- Born: 25 September 1925 Adur, Guhaghar
- Died: 31 January 1996 (aged 70)
- Genres: Hindustani classical music
- Occupations: Harmonium and Reed Organ Player
- Instruments: Harmonium and Organ

= Govindrao Patwardhan =

Govindrao Patwardhan (25 September 1925 – 31 January 1996) was a well-known harmonium and organ player.

==Early life==
Patwardhan was born in the village of Adur near Guhagar in Konkan. His childhood was spent in Guhagar. He cherished a passion for music from his early childhood. He used to participate in the musicals and various program in his village. He had no formal education or training of playing the harmonium. After his basic education, he came to Mumbai and was working with Mumbai Police. He was staying in Girgaon. He had immense respect for Pandit Rambhau Marathe, Pandit Vasantrao Deshpande and Pandit Chota Gandharv and considered them as his Gurus.

==Career==
Patwardhan contributed a lot in musical plays. He has played both the harmonium and the organ in various plays and concerts . He has played the harmonium in many Natyasangeets.

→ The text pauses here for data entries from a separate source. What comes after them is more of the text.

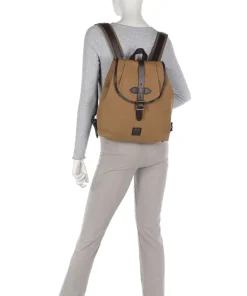 Rugged Twill Rucksack Baumwolle tan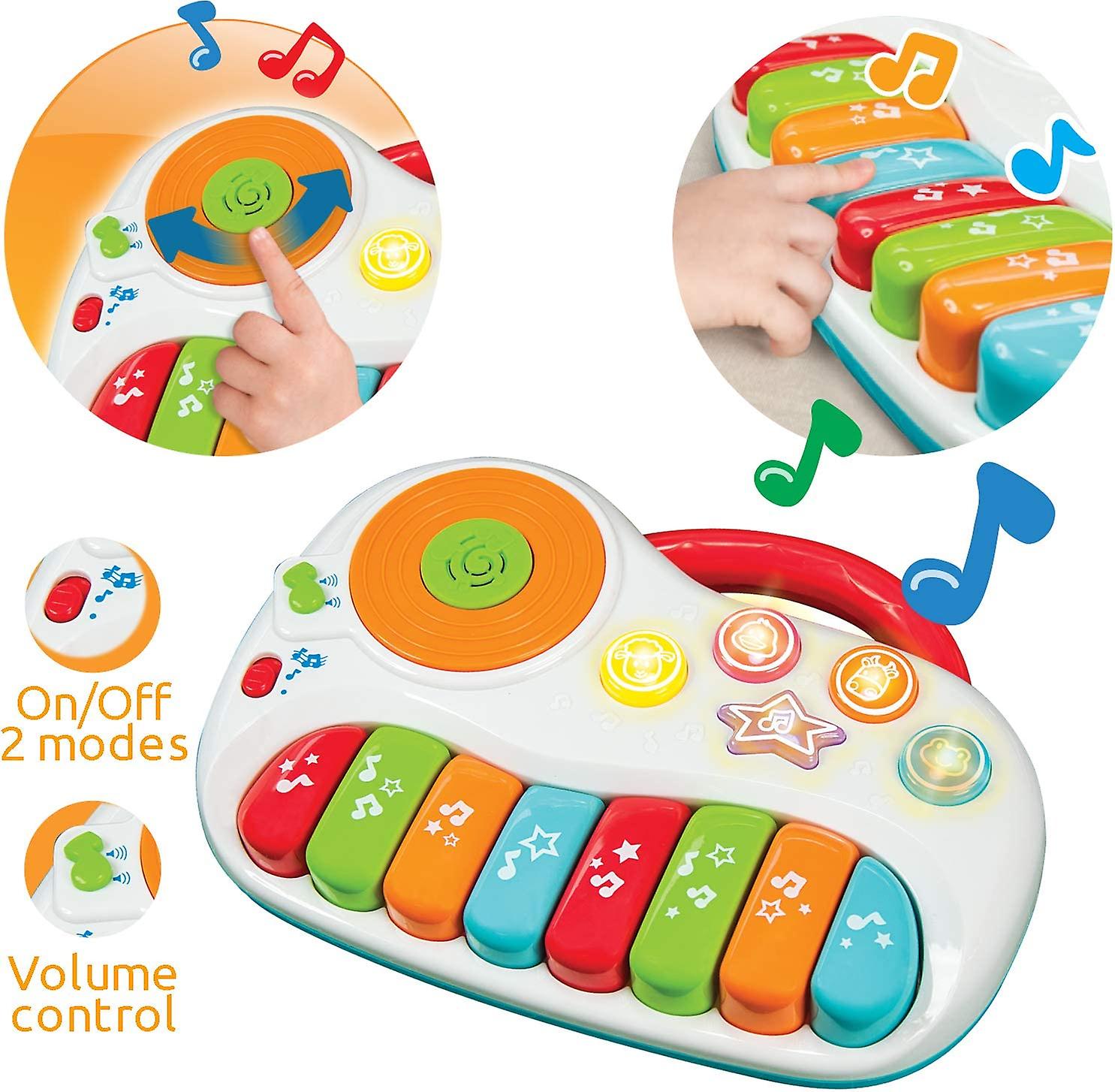 Piano Musical Arc-en-Ciel Bébé – Clavier Lumineux 8 Touches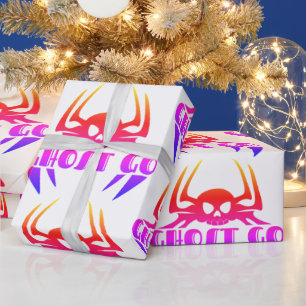 Ghost Go Spooky Jahreszeit Geschenkpapier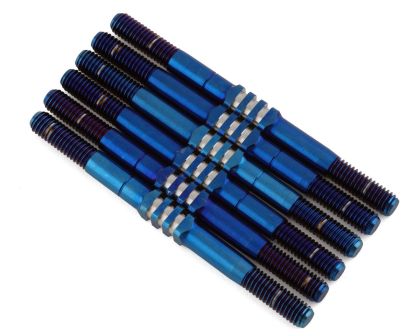 JConcepts Titan Spurstangensatz für TLR 22 5.0 3.5mm blau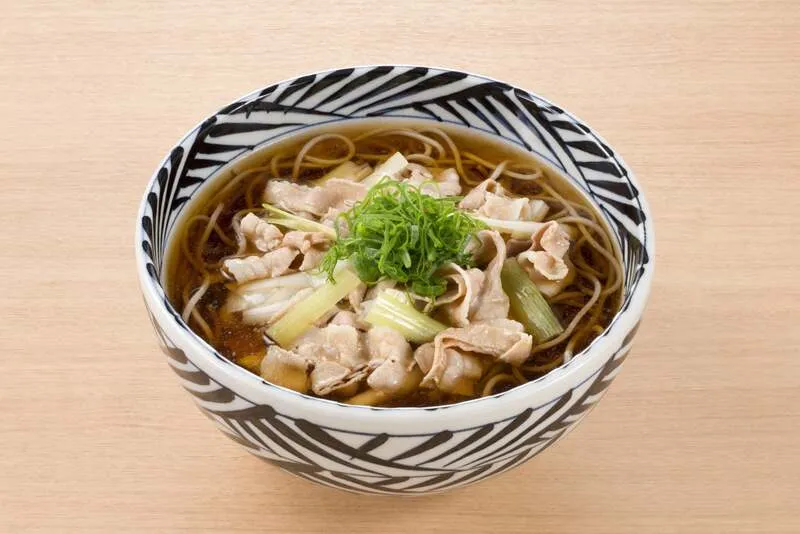 おらが蕎麦「豚肉柚子こしょうそば」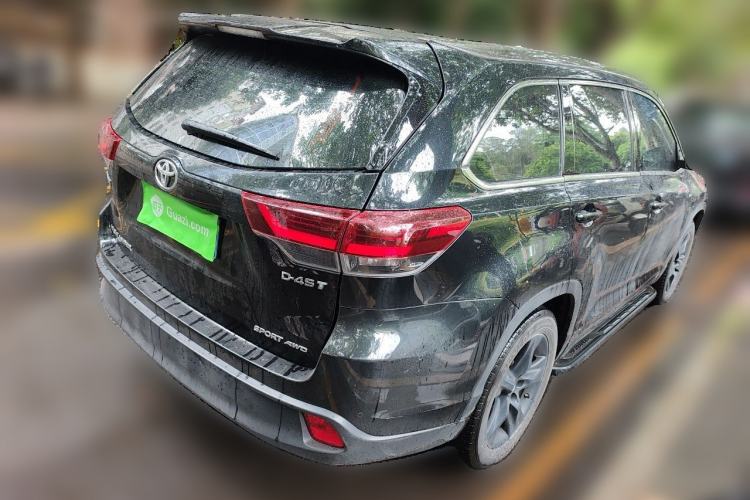 Used Toyota Highlander 2021 2.0T Four-Wheel Drive Knight Edition 7 Seats Rear Right 45 Deg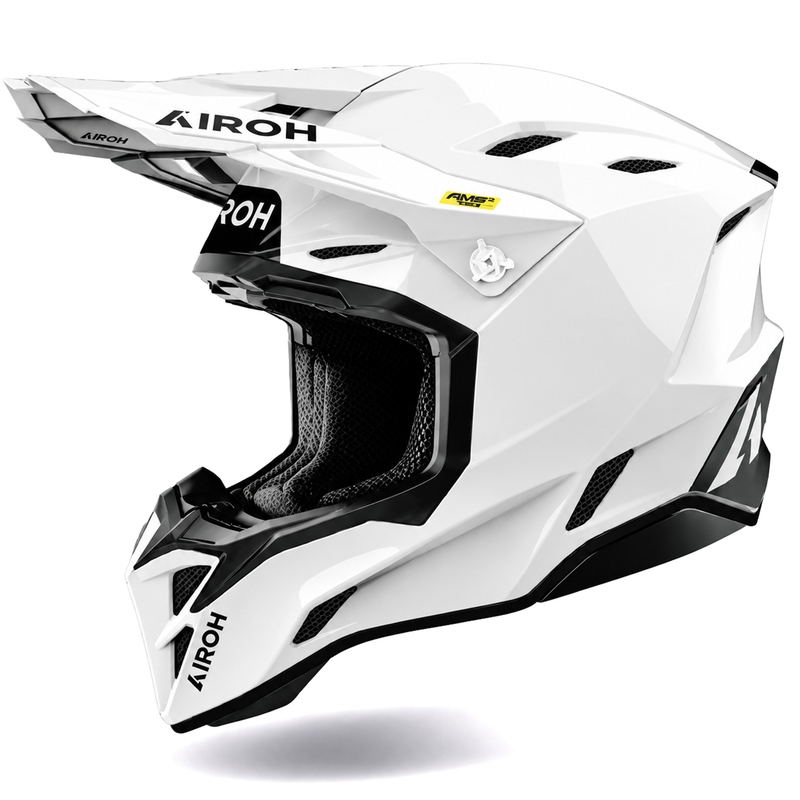 Casco de motocross Airoh Aviator Factory Color blanco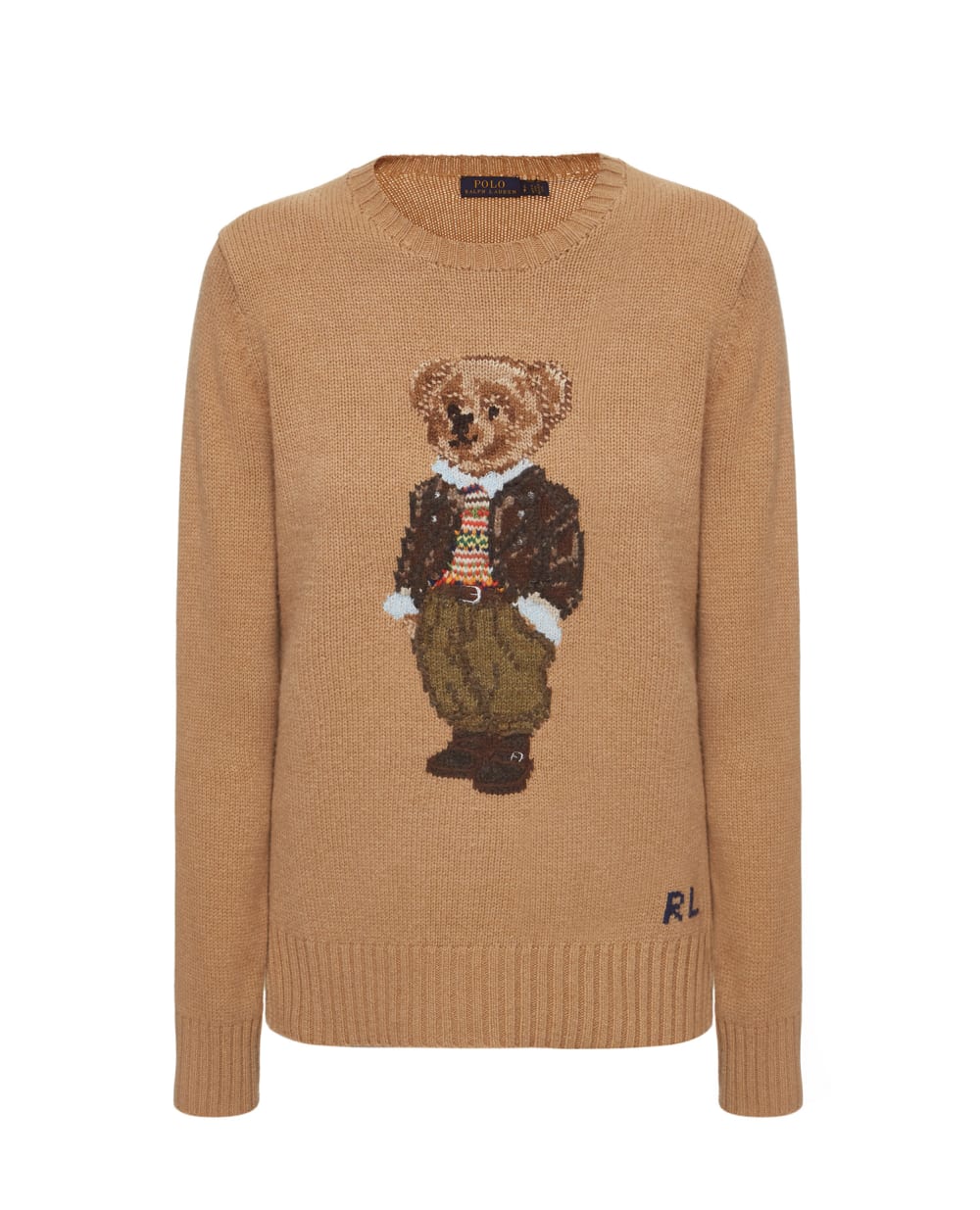 Шерстяной джемпер Polo Ralph Lauren 211815102001, бежевый цвет • Купить в интернет-магазине Kameron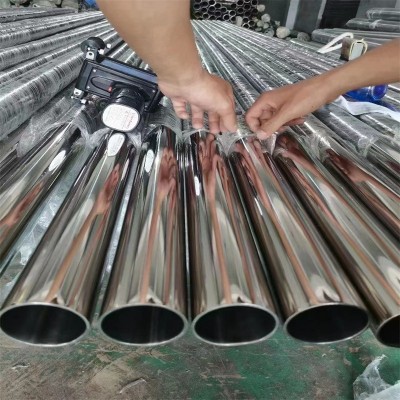 现货批发304 楼梯扶手不锈钢管201光亮拉丝钢管 抽油管 制品焊管图3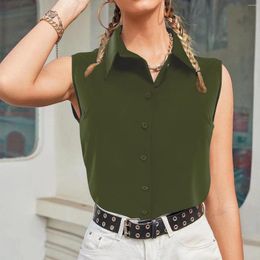 Women's T Shirts Women Lace-Up Shirt Casual Sleeveless V Neck Button Lightweight Tunic Tank Tops Solid Color Tee Comfortable Loose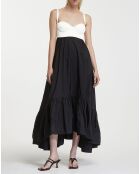 Robe Cicely noir/blanc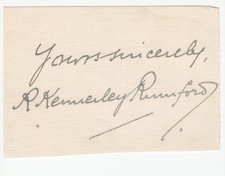 Kennerley Rumford (1870-1957) Signed Slip / Autographed Opera Singer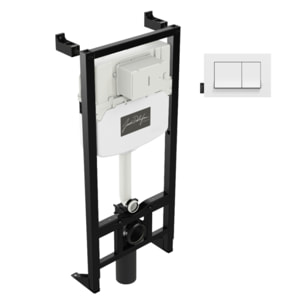 Pack bâti support WC autoportant 3/6L + plaque blanche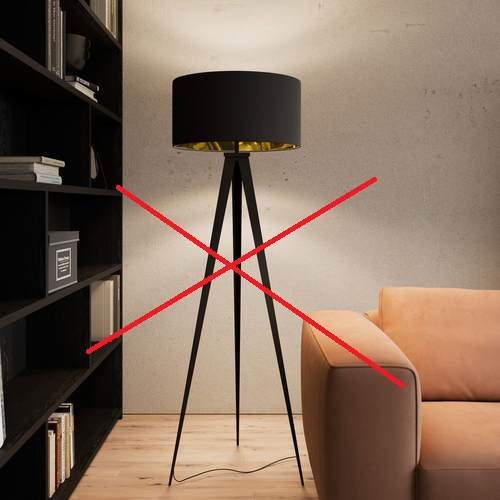 Lindby Benik Tripod Stehlampe Standleuchte Wohnzimmerlampe Siehe Text/Foto B-Ware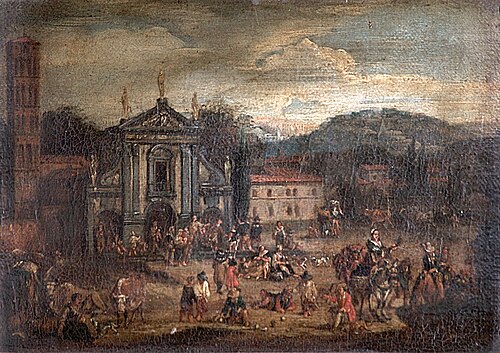 Italian Piazza, , Pieter Bout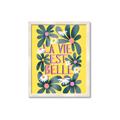 Picture of La Vie Est Belle Foliage _GroupedProduct_Rectangle_Portrait_Framed_Matted_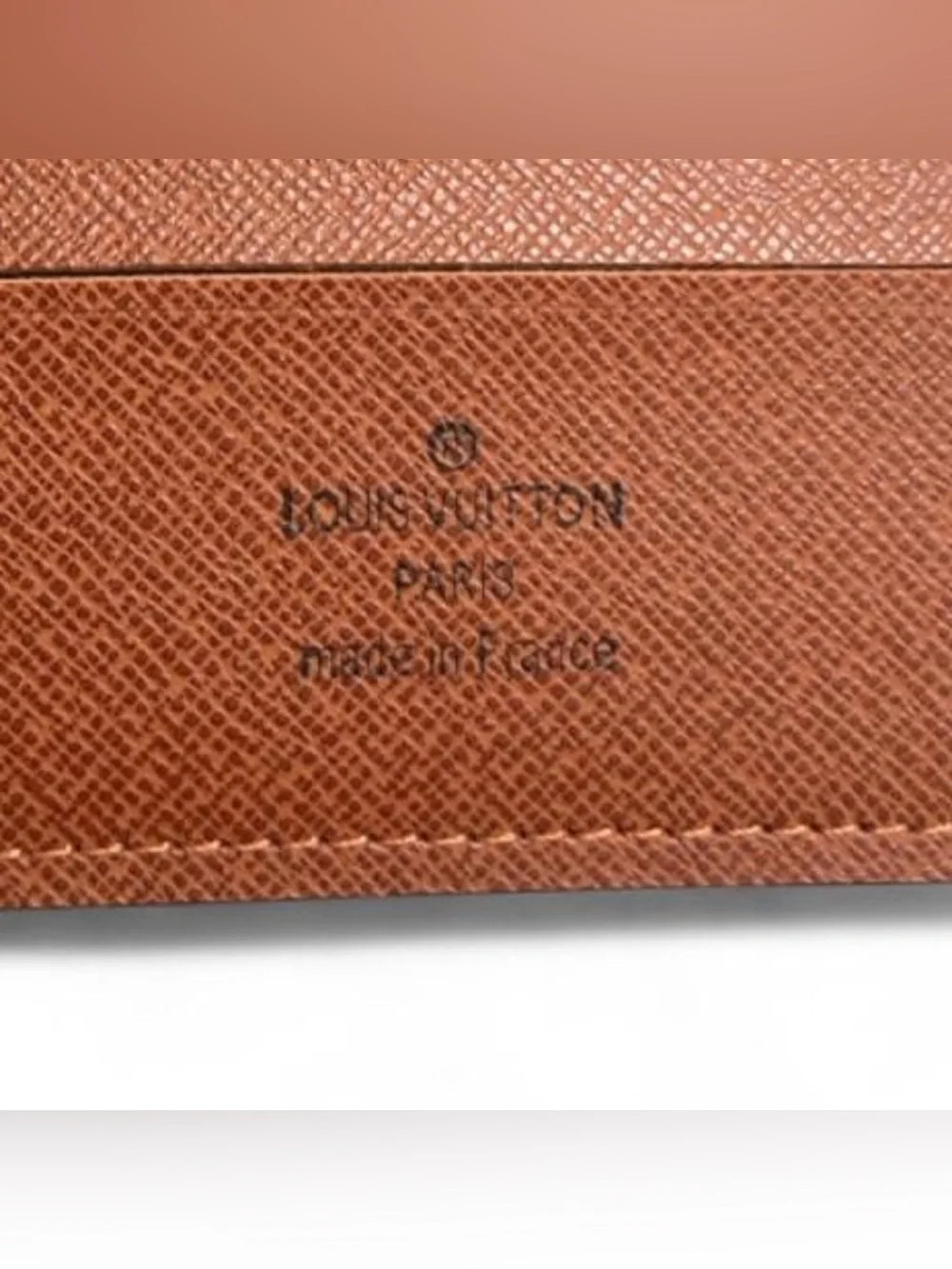 Louis Vuitton Monogram Canvas Card Holder Wallet in Brown and Tan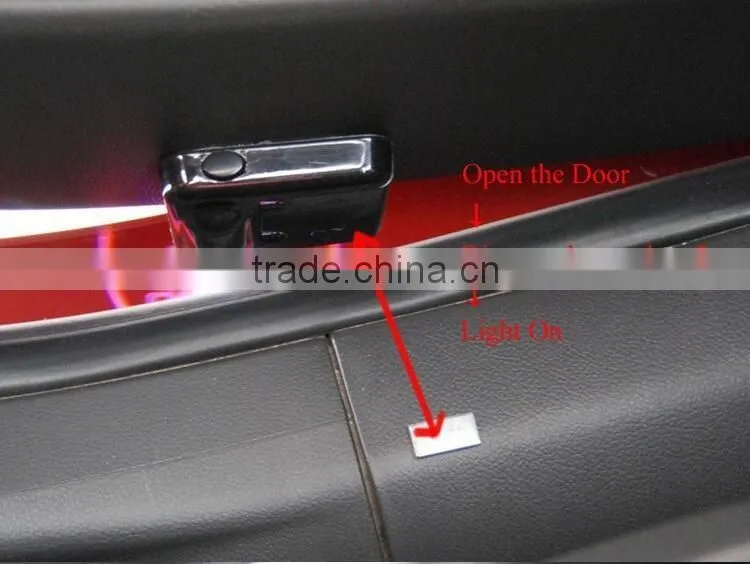 Popular products in usa customized logo car badge light car door logo projector lights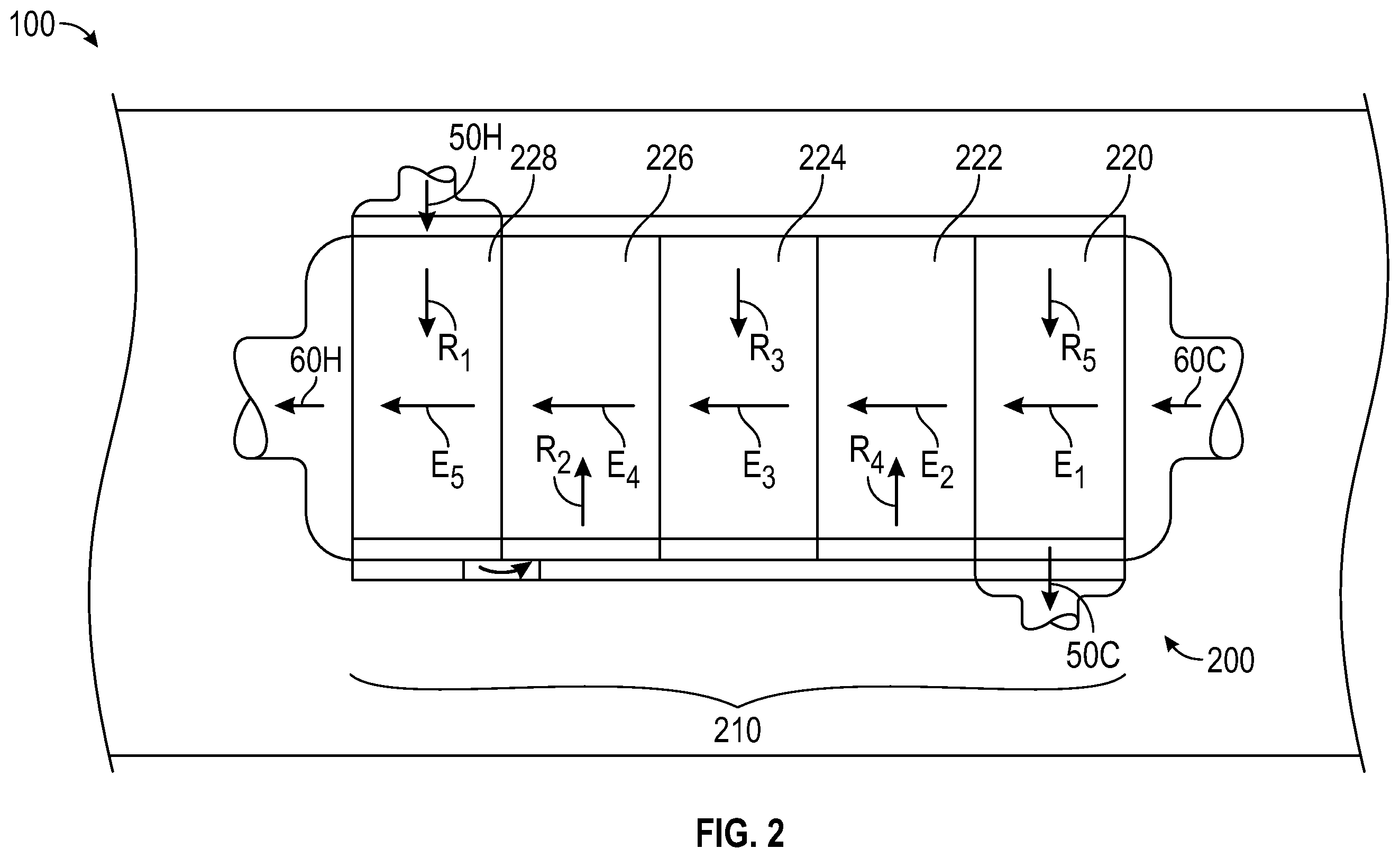 Patent US12366371 Figure 2 – Chiller system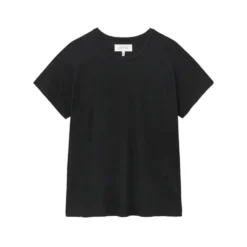 THE GREAT - T-shirt The Boxy Crew - Noir
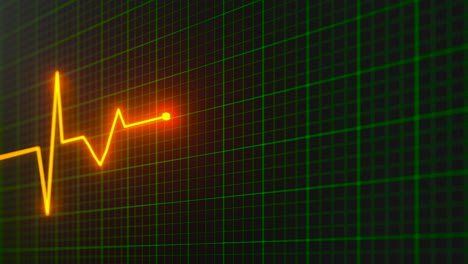 heartbeat line reflecting on the monitor, 3d rendering.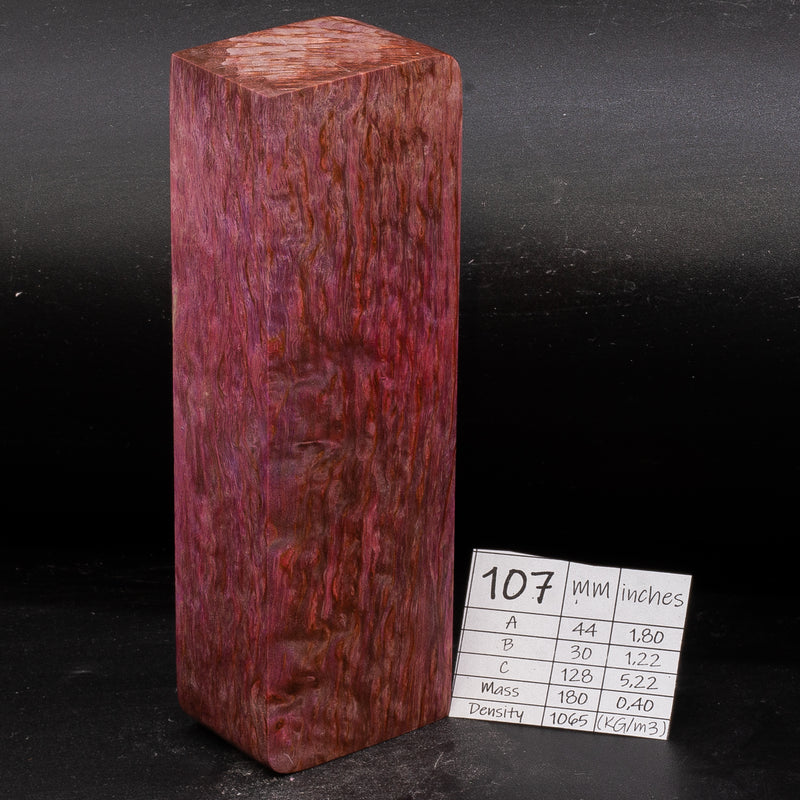 RED KARELIAN BIRCH by Oleg (Knife-Wood)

He has played harmonium with Pandit Ram Marathe, Pandit Suresh Haldankar, Pandit Kumar Gandharv.

A lot of his recordings are available in the market

==Awards==

A musical program with his name is being celebrated in Dombivli.

A short film about him was published in 2014 by Mehendale motion pictures.

==Personal details==
Patwardhan was a very soft-spoken person. He used to work in the police department in Mumbai. He had a family in Girgaon.